The Importance of Families - Nicole Murphy

One thing that irritates me in a book is what I call the isolated character – that is, someone who’s living by themselves and with seemingly no other relationships. No family, no friends, no neighbours that they interact with. I’ve seen it a lot in romance, and science fiction and fantasy tends to be another place it crops up.
It seems to occur because it’s just easier to have a character take off into a story if they have no other ties and there’s so many things in writing that’s hard, it can be tempting to take the easy route. Less characters, less problems, more focus on the story at hand.

However, I think this robs the author of valuable resources for creating tension. I’m sure if you asked most people who creates the most problems in their lives, they’d come back with one answer – family.

Parents. Siblings. Cousins. Aunts and Uncles. These are special relationships, and with them comes a special happiness and a special pain. Happiness and pain that an enterprising author can use.

One of my favourite series at the moment is the Demon’s Lexicon, by Sarah Rees Brennan. She uses family very cleverly within the series, making it both the salvation and the destruction of the characters.

This is YA, and so at first you see how the family situation has formed the characters – how they view themselves and the world, their behaviours and relationships.

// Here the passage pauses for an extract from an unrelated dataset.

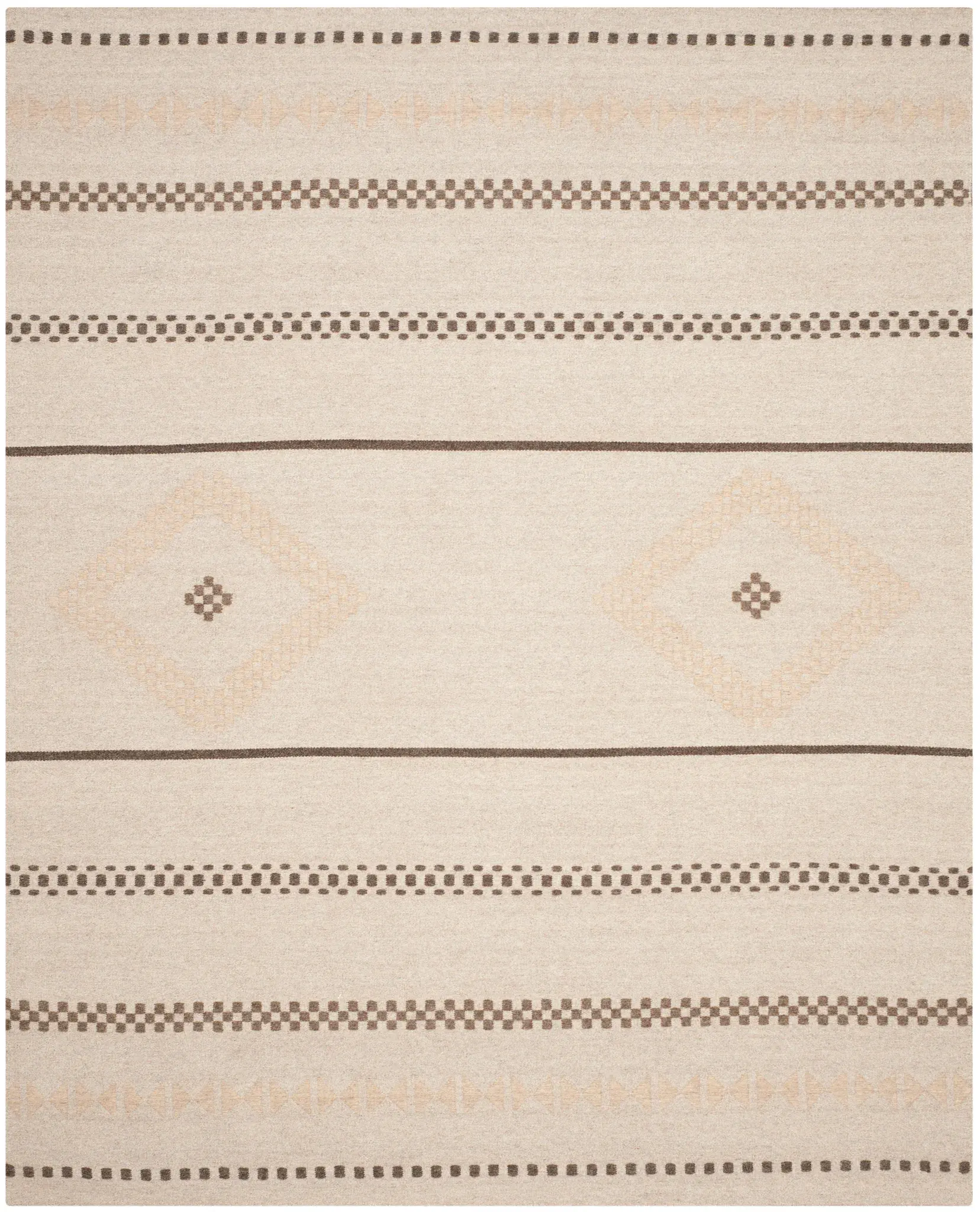 Dhurries Banded Diamond Hand-Woven Wool Rug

Then you’ve got two strong sibling relationships, and you can see how a brother or sister can be both your greatest support and your worst enemy, because they know you so well.

There are developed families – situations like the magicians’ circles, which become the support network for each other when their blood families reject them.

Families are drawn together and cracked apart. For me it’s one of the most compelling things about these books – watching these relationships get tested and seeing if the years of shared history and love can survive.

In my own Dream of Asarlai trilogy, I’ve found myself having a lot of fun with families. A brother and sister can fight in a way few other relationships manage. Sons and daughters can believe their parents point of view fully and then when they reach adulthood and see the situation for themselves, have everything destroyed. Family can be the only place you can find sanctuary from the rest of the world.

The holiday period tends to be a time we spend with our real-world families. Let’s hope more authors realise the importance of fictional families and let all the laughter and anger come to the fore.